(Assignment)
Your copy should repeat the data that follows exactly and contain no image.

(Stored data)
+===+

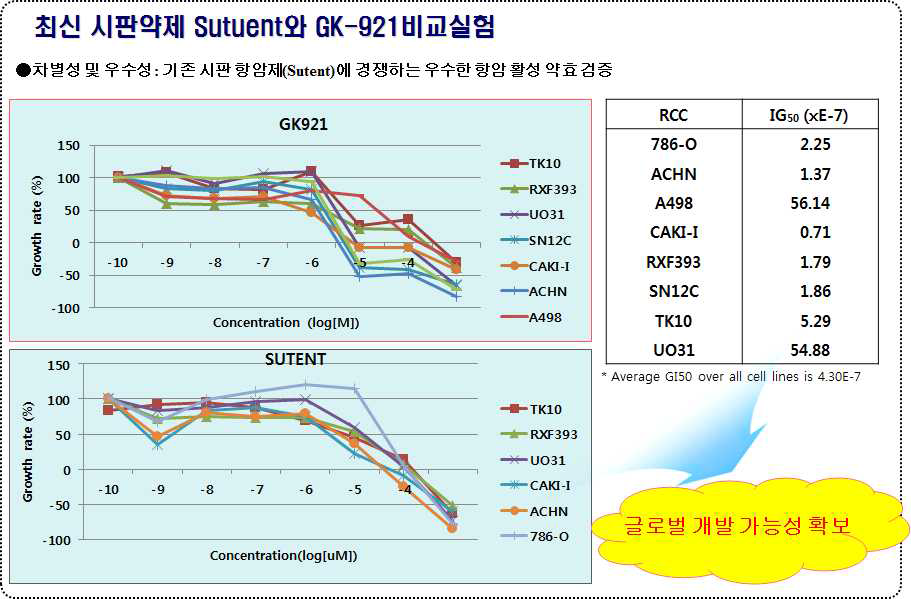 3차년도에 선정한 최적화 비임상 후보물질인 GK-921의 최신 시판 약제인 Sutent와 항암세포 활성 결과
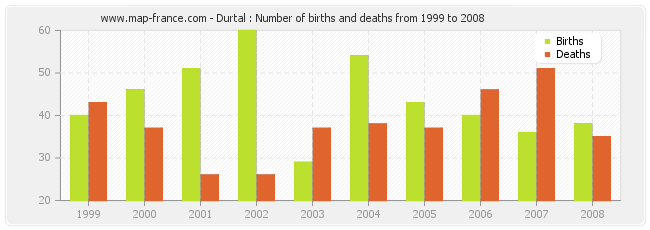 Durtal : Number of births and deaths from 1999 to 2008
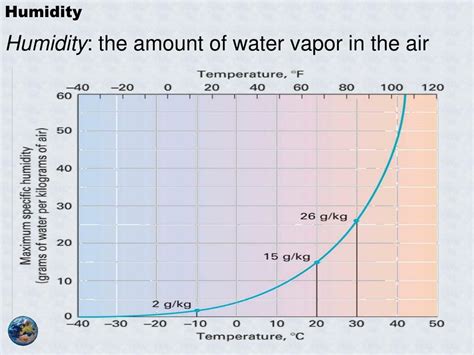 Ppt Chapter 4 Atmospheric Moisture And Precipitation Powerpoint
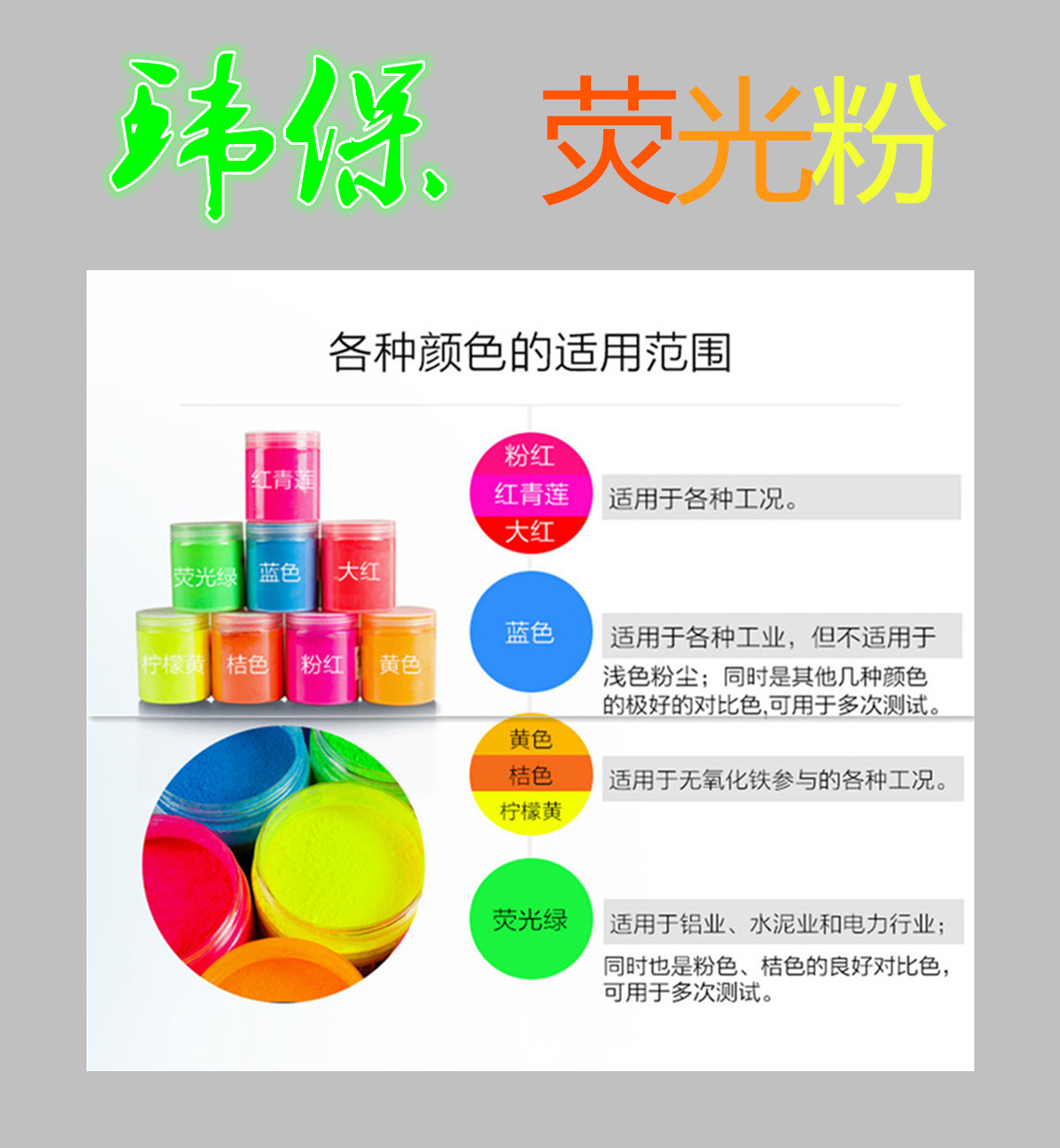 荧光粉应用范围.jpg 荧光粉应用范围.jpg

+===+

(Task result)
 3차년도에 선정한 최적화 비임상 후보물질인 GK-921의 최신 시판 약제인 Sutent와 항암세포 활성 결과
 Durtal : Number of births and deaths from 1999 to 2008
 Ppt Chapter 4 Atmospheric Moisture And Precipitation Powerpoint
 荧光粉应用范围.jpg 荧光粉应用范围.jpg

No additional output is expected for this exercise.